Monday 29 January 2018

The Mini-Break Part 1

We are back in the Historical House after our weekend trip to Kraków. There were no major mishaps, a blessing for which I am truly thankful.

FLIGHT

We even had good luck on the airplane--on the way there B.A. had an empty seat beside him up in Row 5 and I had an empty seat on either side of me down in Row 31. On the way back, when we were allocated seats together, there was no-one in the window seat, and I could slide over. Thus, we were as comfortable as you can be on the cheapest airlines.

Well, on the way there, B.A. had to listen to the loud cackling of British women who'd had too much to drink. I, happily, was entertained by the rather limited, and therefore comprehensible, conversations of young Polish families, saying such things (in Polish) as "Look! Look! What is it?", presumably while holding picture books, and (near arrival), "There isn't much snow, but there are Christmas trees" and "We're landing!"

BLIGHT

I exulted in the cold, dry air that greeted us on the train platform, for it reminded me of proper Canadian winters. And we were both pleased by the baroque luxury of our hotel, which we nevertheless left at once to find something to eat. This is easier said than done on Thursday night at 11 PM unless you're willing to go to McDonalds or a kebab shop, and B.A. wasn't. We ended up in a "Carrefour" grocery store on Ul. Grodzka (Grodzka St.) and bought supplies for a hotel room picnic.

There and back we crossed the Old Market Square, advertised as the biggest piazza in Europe, and to our consternation heard a gang of Englishmen howling "When the Saints Come Marching In" and a gang of Scotsmen baying "Flower of Scotland." Kraków is still a favourite destination of stag parties, for which the British are, unfortunately, notorious. For a long moment, I bitterly regretted not having gone to Wrocław instead.

SIGHT

However, joy came on Friday morning when we set off into the cold towards Wawel Hill, via Planty, so as to avoid touristy Ulica Floriańska (Florian Street), but also because the tree-dotted park surrounding the Old Town is so pretty, even in a snowless late January. There were rather sobering posters posted here and there saying, in Polish, that a certain Piotr had disappeared during a night out in Kazimierz, and if anyone had seen him, please call, inform Facebook, etc. Real life was front and centre in Planty.

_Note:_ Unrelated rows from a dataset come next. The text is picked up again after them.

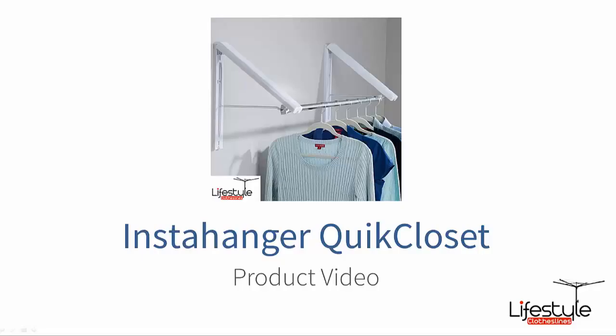Hello and welcome to Lifestyle Clotheslines. I'm just going to talk to you about one of our Insta hanger products and this is the quick closet model.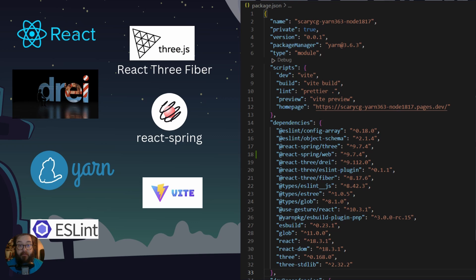I coded in React and Three.js — specifically React Three Fiber, which sits on top of Three.js to use it with React — and also Drei, a different library. I used React Spring for animations, and I also learned Yarn and Vite to handle my build, which I hosted on Cloudflare. I used ESLint as a formatter for the code.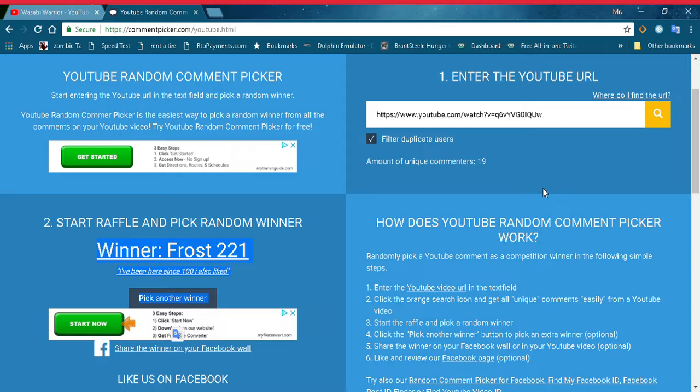Like, comment, and subscribe for new content. Thank you to all who participated in the giveaway. Peace out, my wasabi warriors!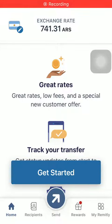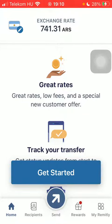Hello guys, in this video I'm going to show you how to send money from the United Kingdom to Armenia on the Remitly application. But first, don't forget to subscribe to my channel, because at 100,000 subscribers I am going to show you my whole YouTube revenue statistics and growth strategy.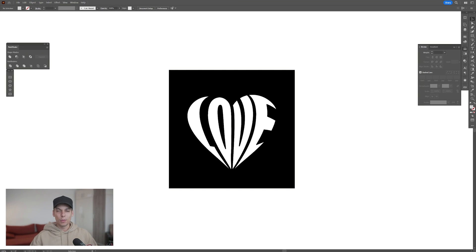Hey, what's going on? This is Rob from Panther. Today I'm going to show you how to make this heart made out of text in Illustrator.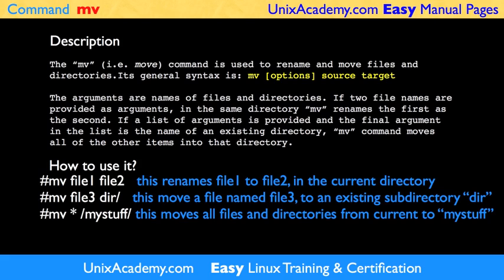Each command features many options and a variety of uses. For full information about this command, please see the man page on your system, or its online version, on unixacademy.com.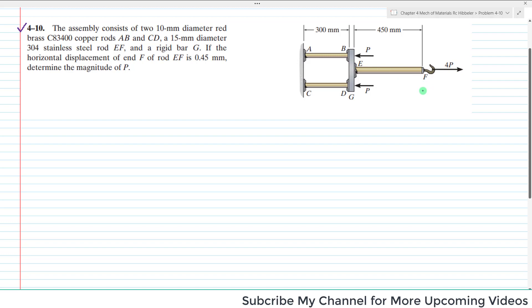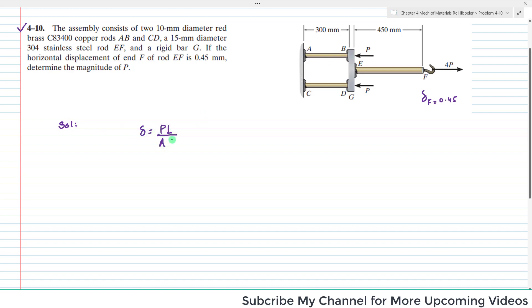It is given that the displacement at end F of rod EF is 0.45 millimeters. We need to find the magnitude of load P. We will start the solution using the equation δ = PL divided by AE, so we need the internal loading of rods AB, CD, and EF.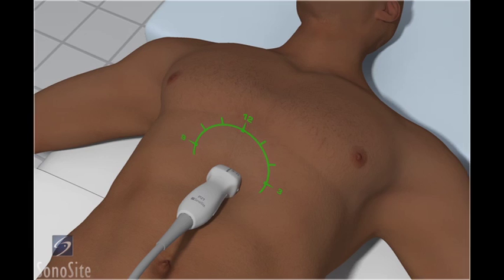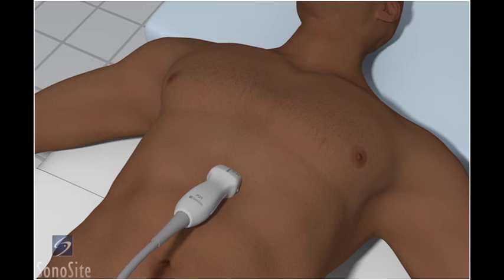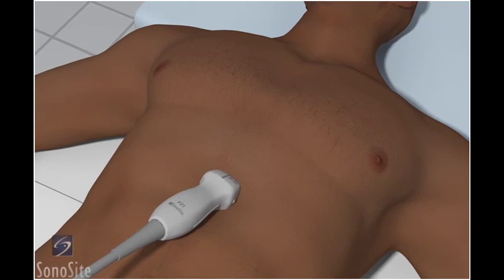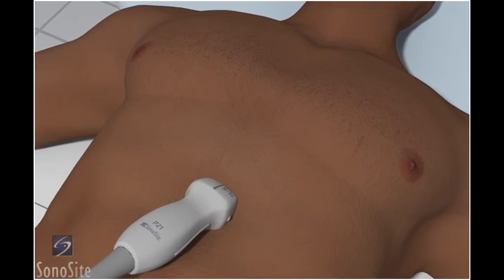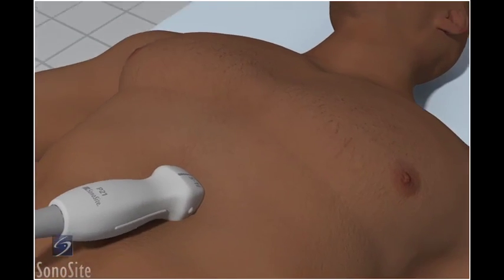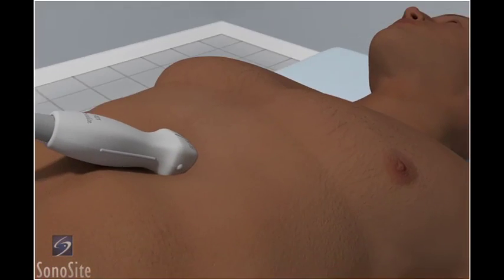This view uses the liver as an acoustic window to visualize the four chambers of the heart. Aim the transducer slightly toward the left shoulder with approximately a 15-degree angle to the chest wall.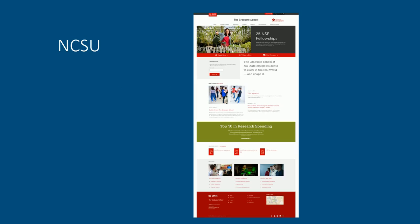Let's start with homepage design. Here is the graduate school website for NC State University with a theme color of red. The homepage contains a lot of information. However, with a proper design, it still looks clear.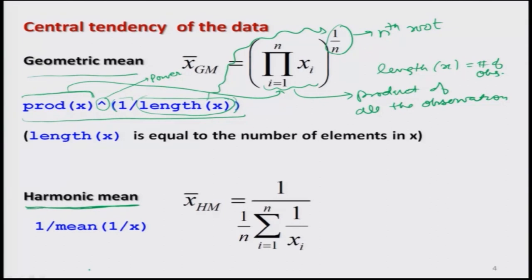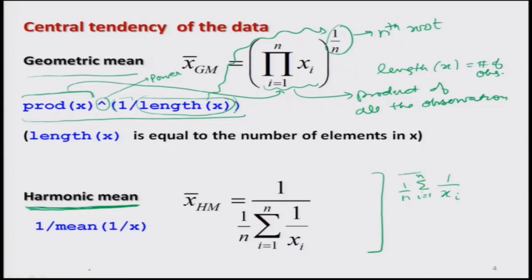The harmonic mean is computed by first finding the inverse of each observation, taking their mean, and then finding the inverse of that result. There is no direct function in R for harmonic mean either. It can be computed simply as: 1/mean(1/X). This is how one can compute the harmonic mean in R software.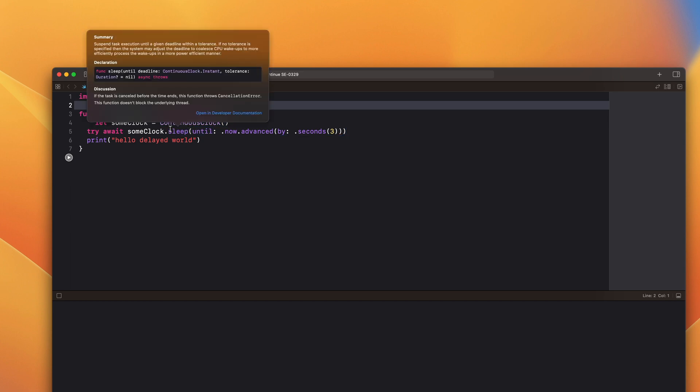There's also an additional parameter tolerance which is nil by default. It allows the scheduling mechanism to offer a slightly adjusted deadline so it can be more power efficient.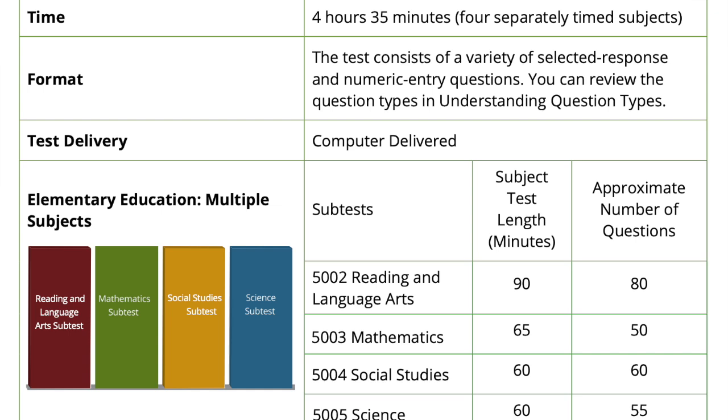Praxis 5004 is the third section of the Praxis 2 exam if you're taking it all at once. However, it is best to take them individually rather than all at once because this can help you to really hone in on your skills and pass much better. There are 60 questions and you have 60 minutes to complete this exam. There are selected response questions, but rest assured it's really all multiple choice.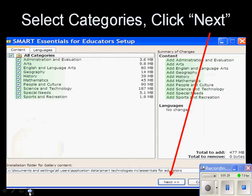Next, you get to decide which of the Essentials for Educators categories you'll install on your computer. You can click on the top button that says All Categories and they'll all automatically be installed. But notice if you do that, it takes up 477 megabytes of space on your computer. So you might want to just click the one that you're most interested in, History or the Arts or whatever.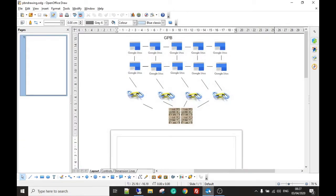Welcome to the introduction video to the GPB bot, or the Google Personal Blog bot. This is an introduction video, not a tutorial on how to use the bot. With that said, if you go on to purchase the bot, we give you full support via email, Discord, or Skype to make sure you can run the bot perfectly well. Point number one: what does the bot do, or what can you use it for?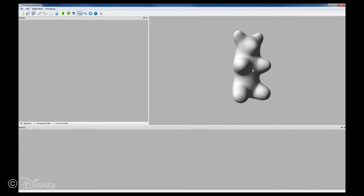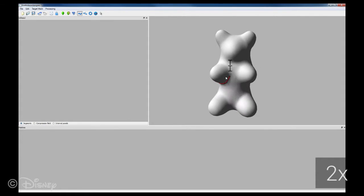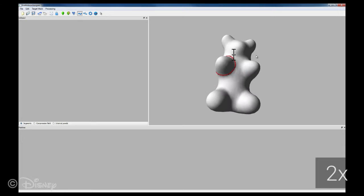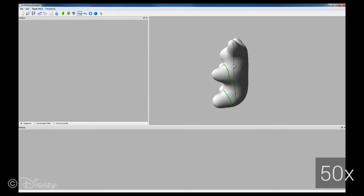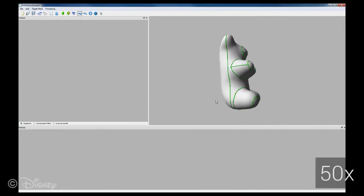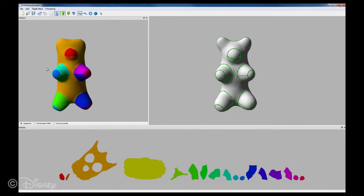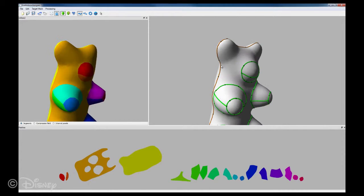The user starts with a selected target shape and incrementally builds a seam layout that partitions the target mesh into a set of segments. We provide a simple spline tool for this purpose that connects seam points through approximately shortest paths on the surface. The user can modify the shape of the seams by dragging on control points. Once done, the patterns are flattened in order to obtain an initial guess for the 2D pattern shapes and the inflated model. The pattern shapes are then optimized to resemble the target shape as closely as possible. The user can iteratively revise and edit the seam layout to explore various designs.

Benedict Ambrose was much more interested in Wawel Cathedral than in Wawel Castle and pointed out that there is no admission fee to the Cathedral proper. However, I decided to splash out and purchase tickets to visit the massive Sigismund Bell, the Royal Crypts and various Cathedral chapels closed to the non-paying public, plus electronic guides in English (for B.A.) and Polish (for me).

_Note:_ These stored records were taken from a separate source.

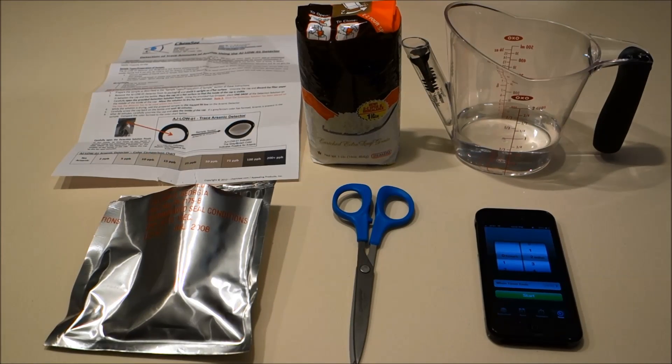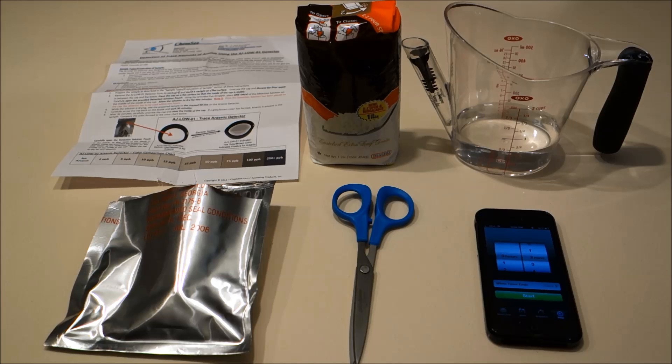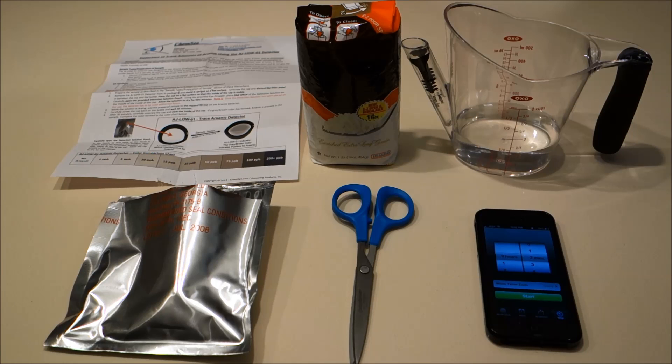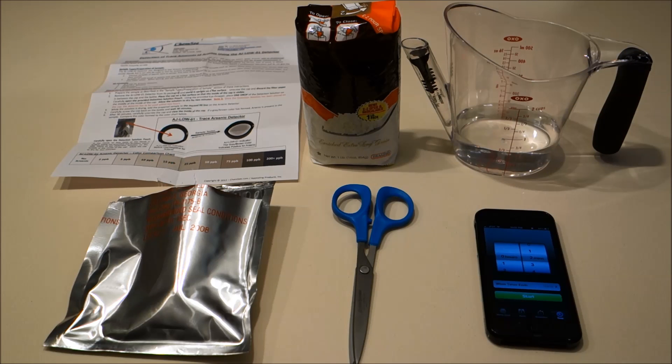Hi there. Today we are going to test for arsenic in rice using the TestSafe arsenic detector.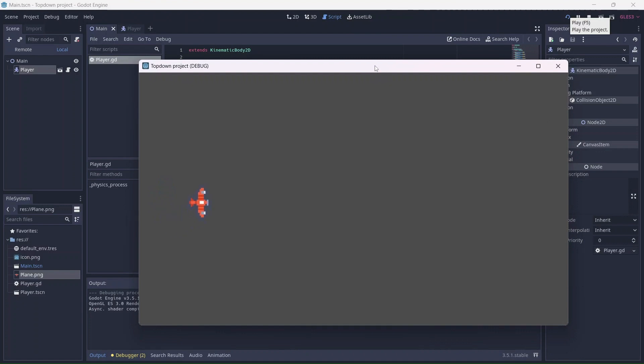As you can see, the player is still able to move around. They are also being blocked by the boundary we made earlier.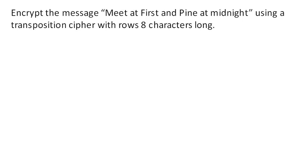So now we're going to encrypt the message, meet at first and pine at midnight, using a transposition cipher with rows eight characters long.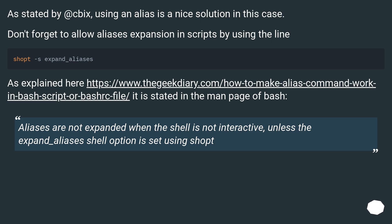Don't forget to allow alias expansion in scripts by using the appropriate line. As explained here and in the man page of bash: aliases are not expanded when the shell is not interactive, unless the expand_aliases shell option is set using shopt.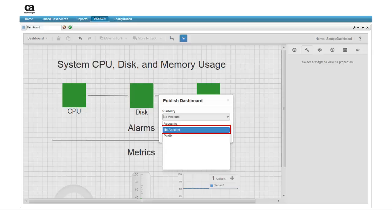No account is the default and allows all UIM users with proper permissions a view of this dashboard.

My Polish electronic guide, I later decided, was my Friday penance, for it definitely showed up my inadequacies, not only in Polish, but in the operation of electronic devices. (Climbing the steep steps to the Sigismund Bell was another penance, for I have developed a fear of heights in the past twelve years.) We spent three hours in Wawel Cathedral, with prayers in the curtained-off Chapel of the Most Holy Sacrament, which was my favourite part.  But I was very impressed by the sarcophagi of Polish writers, like Adam Mickiewicz, and generals, like Władysław Sikorski. Sikorski's sarcophagus is right beside that of Jan Sobieski III, which rather blew my mind. Everyone who has any interest in Polish history really ought to buy the tickets for Wawel Cathedral and not just toddle in for free.

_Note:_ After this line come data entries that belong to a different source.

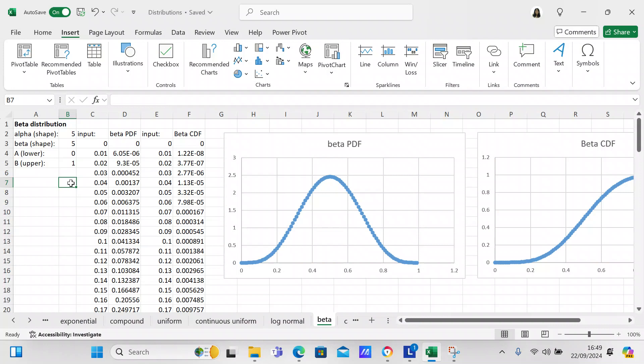That concludes this video on creating a beta distribution. Maybe you can make your own beta distribution and experiment with it. Thank you for watching — if you liked it, please like and subscribe. I look forward to seeing you in the next video where we'll be exploring more statistical distributions.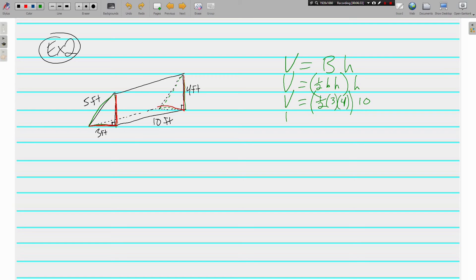Multiplying: half of four is two, two times three is six, and six times ten is sixty cubic feet.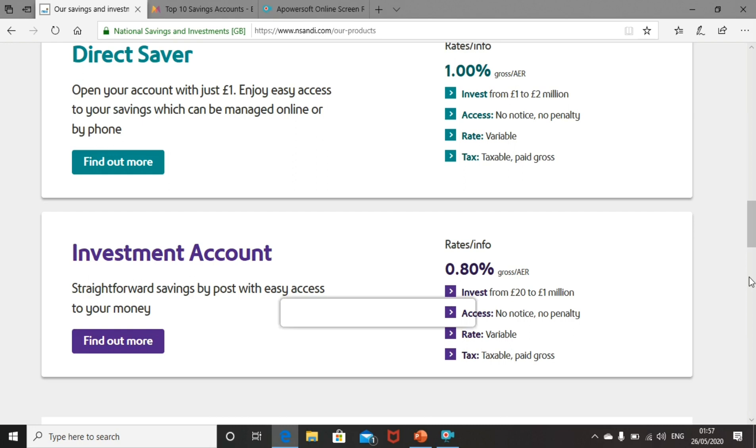Of course, that's not the fault of NS&I. The Bank of England base rate is currently 0.1%, which is great news for those looking to borrow money, but really bad news for us looking to save money.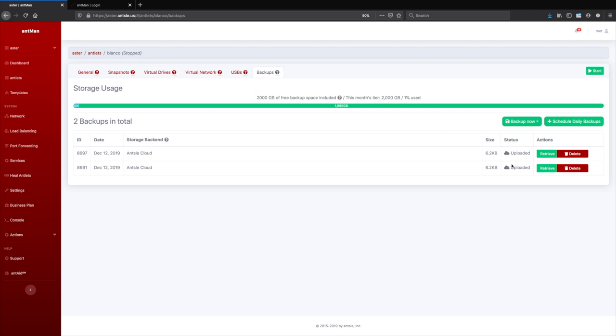By the way, the space included in the Ansel cloud, it's 2,000 gigabytes in the scale plan that we have here on this server. So each tier gives you a different amount of cloud storage that is included.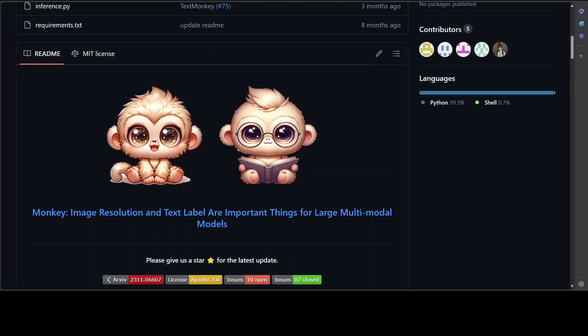Hello guys, welcome to the channel. I'm quite excited to bring you this brand new model called Monkey LLM or LMM. This is a vision model through which you can do VQA or visual question answering with your images.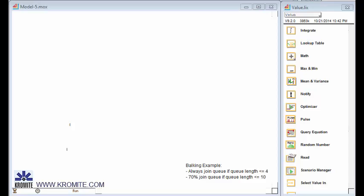Hi, this is Dave Kroll from Chromite. I saw this example on the web and I thought it might be nice to put it together in ExtendSim. This is a balking example, and balking is when an item or entity does not join the queue, even though the queue has space.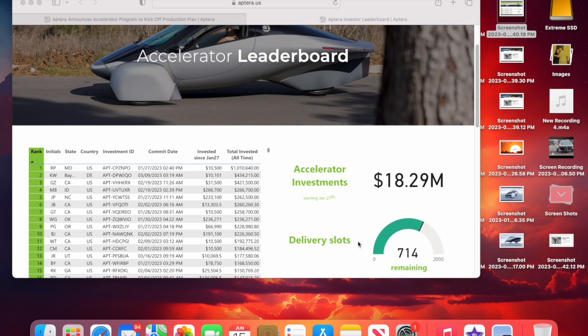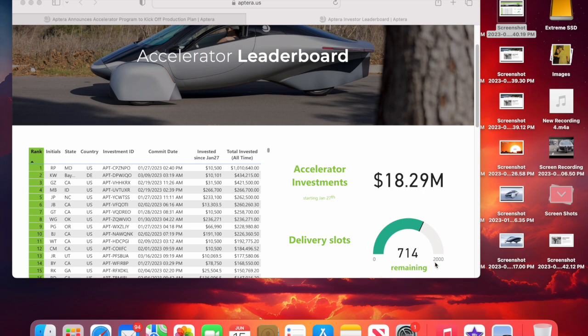Remember they said you can still invest on their website at aptera.us if you still want to get in on the launch edition vehicle. And thirty accredited investors must have invested on that. Once again, if I'm wrong on this, somebody please let me know.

After a quick and cheap lunch on Ul. Grodzka, we walked across the bridge over the Wisła River to Kazimierz and found the Ethnographic Museum. We had never been before, and I thought it was stupendous. On the ground floor are reconstructions of Polish peasant huts, a 1930s village schoolroom, mills, an oil press, etc. On the next floor are examples of every tool and craft known to local countryfolk up until mass production arrived--cheese moulds, tridents, bear traps, fox traps, bird traps, horse brasses, looms. The exhibit gave the impression the local farmers were still using all that stuff, made by themselves by hand on long winter evenings, until 1967, but this surely cannot be true. At any rate, the latest-looking exhibit was a photo from a village wedding in 1967.  Most of these objects were labelled only in Polish, so I greatly enjoyed translating them for B.A.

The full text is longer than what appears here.